- Theatrical release poster
- Traditional Chinese: 黄面老虎
- Hanyu Pinyin: Huang mian lao hu
- Directed by: Lo Wei
- Written by: Lo Wei Chang Yung-hsiang
- Produced by: Lo Wei, Raymond Chow, Leonard Ho
- Starring: Wong Tao Sylvia Chang Chuck Norris Dan Ivan
- Cinematography: David Bailes
- Edited by: Fred Cuming
- Music by: Joseph Koo
- Production company: Lo Wei Motion Picture Company
- Distributed by: Golden Harvest
- Release date: 16 August 1974;
- Running time: 100 minutes
- Country: Hong Kong
- Language: Mandarin

= Yellow Faced Tiger =

1974 Hong Kong film by Lo Wei

Yellow Faced Tiger (黄面老虎, originally released in the United States as Slaughter in San Francisco) is a 1974 Hong Kong-American martial arts action film directed by Lo Wei, and starring Wong Tao, Sylvia Chang and Chuck Norris.

== Summary ==
In this kung-fu vehicle Chuck Norris plays the biggest drug king in San Francisco who owns everyone, the police department included. He finds his match when a young police officer stands up to the drug lord's power and must fight him and the entire system. A former cop in the San Francisco Bay Area goes after the goons who murdered his ex-partner.

== Plot ==
Daly City, CA police officers John (Robert Jones) and Wong (Wong Tao) arrest two men raping a girl named Sylvia (Sylvia Chang), utilizing their knowledge of martial arts to take down the assailants, but at the station Sylvia refuses to press charges claiming that she knew the men and that the altercation was all in fun, in clear contradiction of what had truly taken place. In retribution for their arrest, the rapists kidnap John in broad daylight and take him to the beach, where he is beaten by numerous assailants. Wong manages to come to his partner's rescue, killing one of them. For this, he is kicked out of the force by his superior Captain Newman (Dan Ivan) and soon imprisoned, but John still keeps in touch with his old friend. After serving his sentence, Wong takes a job as a waiter. While waiting tables he meets Chuck Slaughter (Chuck Norris), a criminal mastermind. Slaughter offers Wong a job in his organization but Wong refuses, even as Slaughter threatens to have him killed.

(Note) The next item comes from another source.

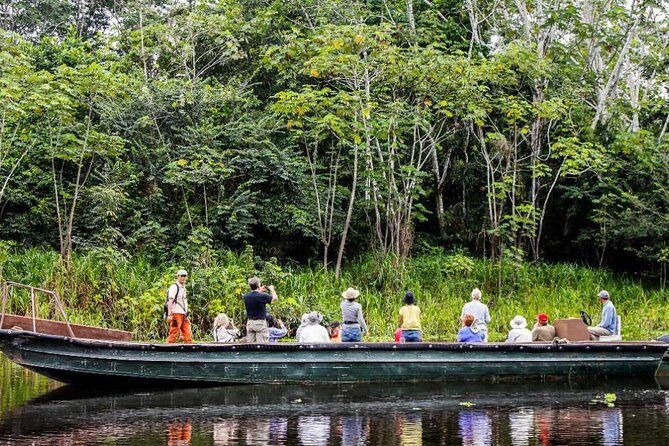 4-Day Jungle of Peru Tambopata Nature Reserve - Who Should Consider This Tour?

John witnesses some men running away from a bank robbery one morning. While John is chasing some bank robbers, he pursues the robbers, but there are too many for him and one of them pulls a gun. John runs but is caught in the backyard of the Chu family, where the robbers kill him. The next morning when the police find his body the captain, Newman, accuses Mr. and Mrs. Chu of being in on the murder and the bank robbery. Newman has the Chu's arrested and locked up without bail despite Mr. Chu's claims that he had nothing to do with the crime and did not even see the men killing John in his backyard. Wong becomes involved because he wants to avenge John's death and free the Chu's. He begins shaking down Chinese criminals looking for clues, and they lead him to Captain Newman. Newman, who was working for Mr. Slaughter, intended to frame the Chu's for the crime committed by Slaughter's own men.

Wong fights Newman and kills him. After Wong kills Newman, he attempts to warn Chu's defending lawyer, but the boss of the gang has already murdered the lawyer (Joy Sales). Wong is confronted by Slaughter's men on the street, and fights them all off, eventually confronting Slaughter himself. Wong defeats Slaughter after a heated battle, and almost kills him when the police burst onto the scene. The new police captain stops Wong from delivering the lethal blow, informing him that he knows the whole story. Wong is reinstated to the police force, but refuses to carry a pistol, saying he "has no need of guns".

== Cast ==

- Don Wong Tao as Officer Don Wong (Yellow Faced Tiger)
- Sylvia Chang as Sylvia Clu
- Chuck Norris as Chuck Slaughter / Himself
- Dan Ivan as Captain Newman

== Release ==
===Theatrical===
The film played theatrically in the US in 1981 as Slaughter in San Francisco.

===Home media===
Videocassette releases in the 1980s and 90s used the Slaughter in San Francisco title as well as Karate Cop.

== Reception ==
===Critical response===
American critics noticed that it was a low budget martial arts film, and an early Norris acting credit, taking advantage of his current fame.